IMX6 Memory Bandwidth usage

From RidgeRun Developer Wiki
Revision as of 11:58, 12 February 2017 by Spalli (talk | contribs) (→‎Introduction)

Introduction

This wiki page sumarizes the results for the memory bandwidth usage measurements for an iMX6 based board. For this test a Nitrogen6X board with a iMX6Q SoC Boundary Devices iMX6 Nitrogen6X Board was used with the RidgeRun Professional SDK Irazu for BoundaryDevices Nitrogen6X iMX6 board - Release Notes and the TC258743 toshiba module was used for 1080p60 captures.

Here you'll find the memory bandwidth utilisation for some common multimedia tasks that can help to understand what's happening behind the scenes when we are pushing the platform to the limits.

In the first section you'll find a short explanation about the available hardware and software profiling tools that can help the developer to understand the platform performance and after this, some experimental results.

Memory Bandwidth measurement

The iMX6 MMDC (mumulti-mode DDR controller) has a hardware debugging mechanism that monitors each access that is driven to the MMDC from channel0.

The profiling mechanism provides the ability to calculate the DDR utilization together with read and write accesses statistics towards DDR per given period of time.

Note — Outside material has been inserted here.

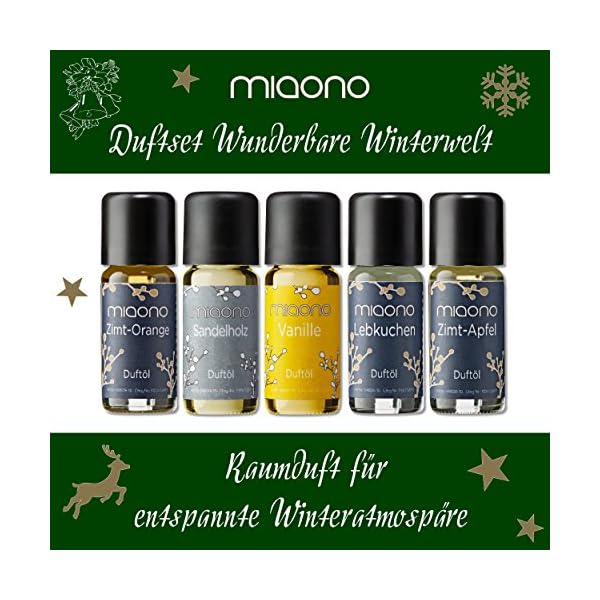 Duftöl Set"Wunderbare Winterwelt" - Sandalwood, Zimt-Orange, Lebkuchen, Vanille, Zimt-Apfel - Raumduft für entspannte Winteratmospäre (5x10ml) 2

MMDC supports the following profiling counters:

  • MADPSR0 (Total cycles count) - Indicates the total amount of cycles of the profiling period (up to 2^32 cycles)
  • MADPSR1 (Busy cycles count) - Indicates the total busy cycles during the profiling period
  • MADPSR2 (Total read accesses count) - Indicates the total read accesses towards MMDC during the profiling period
  • MADPSR3 (Total write accesses count) - Indicates the total write accesses towards MMDC during the profiling period
  • MADPSR4 (Total read bytes count) - Indicates total bytes that were read from MMDC during the profiling period
  • MADPSR5 (Total write bytes count) - Indicates total bytes that were written to MMDC during the profiling period

All profiling items described above are disabled by default. The following describes howto control the profiling mechanism:

  • MADPCR0[DBG_EN] enables profiling.
  • MADPCR0[PRF_FRZ] stops/freezes the profiling for example in case user wishes to perform DDR profiling per specific task. In order to resume profiling then MADPCR0[PRF_FRZ] should be cleared.
  • MADPCR0[DBG_RST] clears all profiling counters
  • MADPCR0[CYC_OVF] indicates whether an overflow occured in the total cycles counter (i.e. total amount of cycles are greater than 2^32) . This field can only cleared by writing '0'.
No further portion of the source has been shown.